Status of the production sites
- Broad crawl
- Step 1 finished in great fashion with new Bitmagasin
- Step 2 will start march. 7
- War in Ukraine event harvest ongoing. Helped DCH-instituions from Ukraine with info/best practise
- Using the ongoing harvests (Solr-index/shard) as QA-platform for curators - Q2 2022
- New Shard built
- Focus on paywall content and IP-validation to get the most data possible
- Twitter API-harvest - still pilot project, but very relevant with lots of activity regarding Ukraine
First, the Winter Olympic Games harvest ended at the end of February and a new crawl dedicated to the Winter Paralympics has been launched last week. About 14 million URLs were collected in February, including almost 1.4 million Twitter URLs for a total of 0.57TB.
We also decided to make another attempt to collect Instagram in 2022. After several tries, we succeeded. 73 Instagram accounts on the theme of the Olympics were collected, that is to say about 7 000 URLs.

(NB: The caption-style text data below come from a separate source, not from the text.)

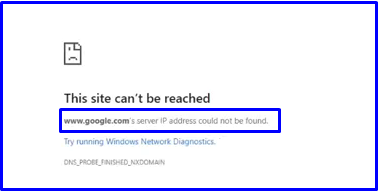 Server Ip address could Not be found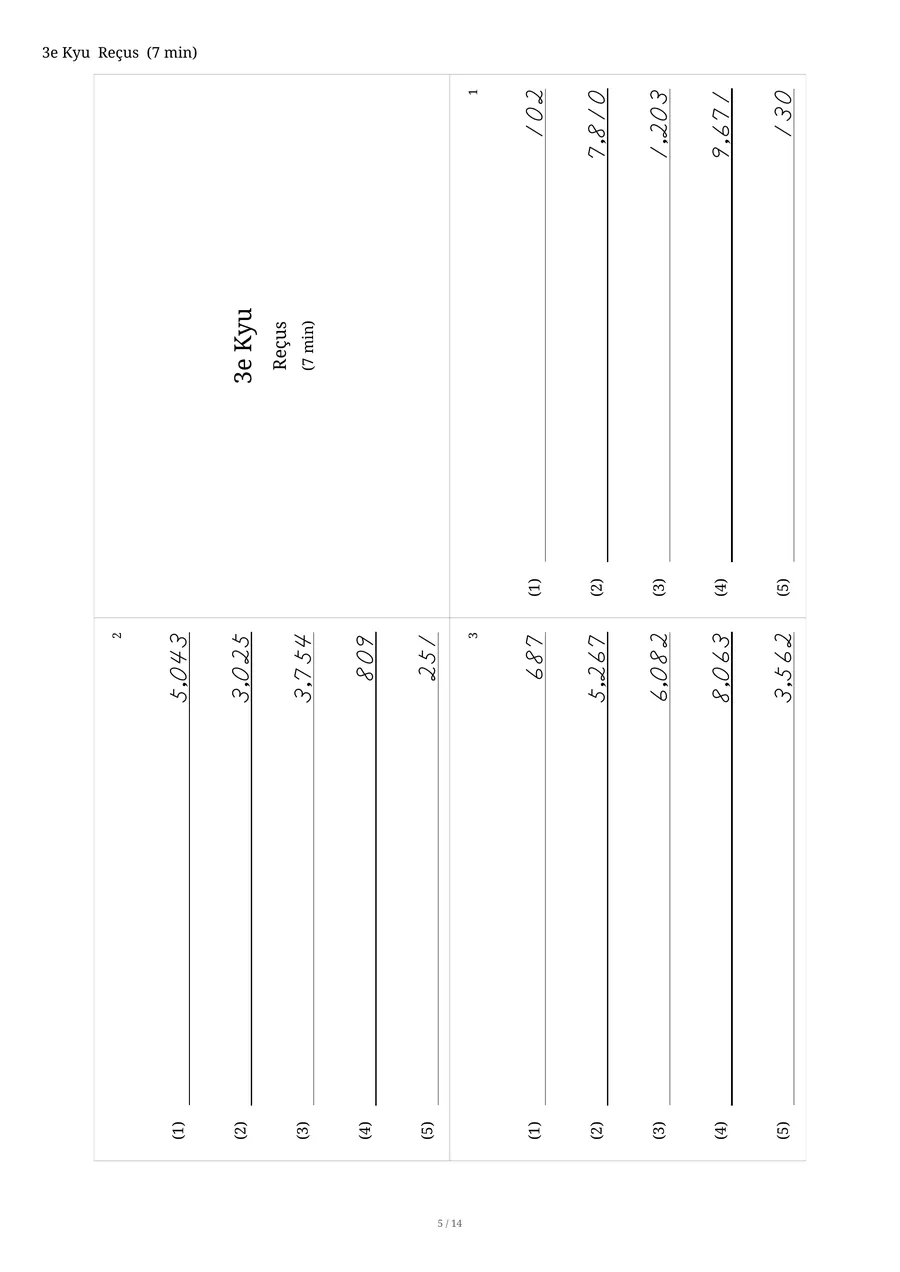 Une feuille d'exercices de Reçus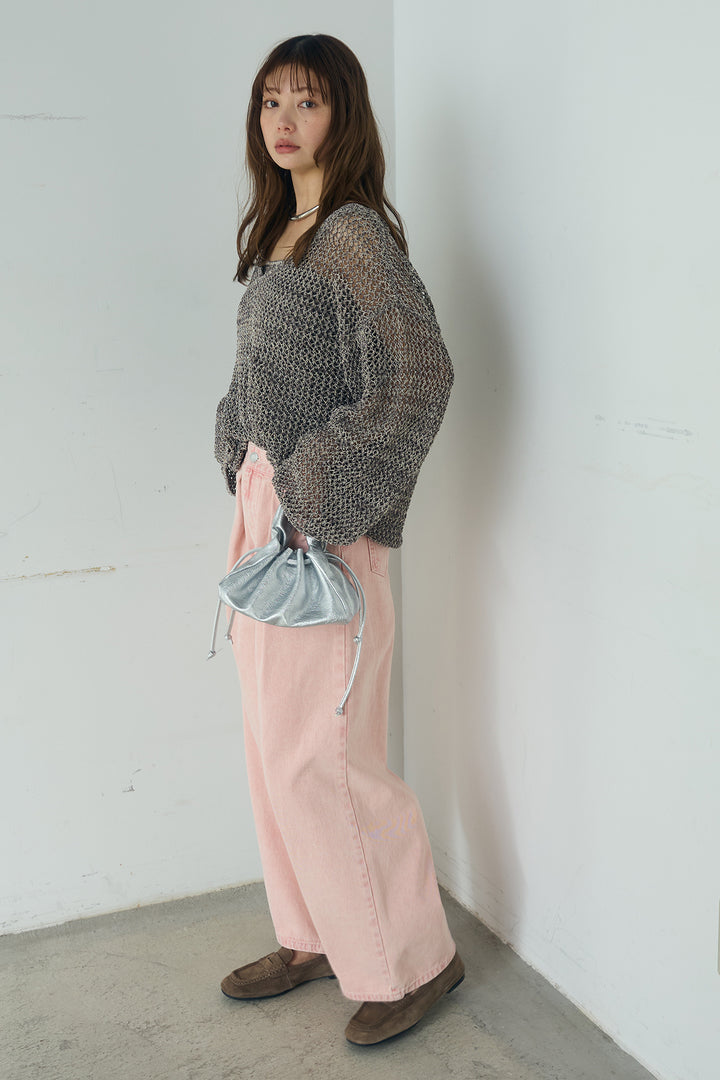 [SET]メッシュ編みビスチェセットVネックプルオーバー+カラーデニムタックカーブパンツ(2set)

Finally, last December we opened a participation form until the end of January so that the public could indicate sites to be added to the Intelligence Artificial harvest.
We received 23 e-mails including about 60 suggestions of websites to crawl.
We will run our third annual broad crawl of e-serials in open access next month. This is the third year in a row that we launched it. We obtain the url list from our catalogue where all the serials that request ISSN are catalogued. Every year we enhance the list of urls thanks to the quality control we carry out after each crawl. We will harvest about 9.000 websites this year.
The Library is involved in a renovation of its technological structure, so we are studying when we will be able to carry out the annual broad crawl. It will probably take place before summer. The renovation involves the acquisition of new servers and solves some problems we had last year with the storage arrays. Once the new technological structure has stabilized our next step is the NAS upgrade, that we think we can tackle next May. We also want to start to index the current crawls in SolrWayback and we will address later the indexing of everything harvested prior to 2022.
- April 12th
- May 10th
- June 7th
- July 5th
- September 6th
- October 4th
- November 8th
- December 6th
- January 10th, 2023
Any other business?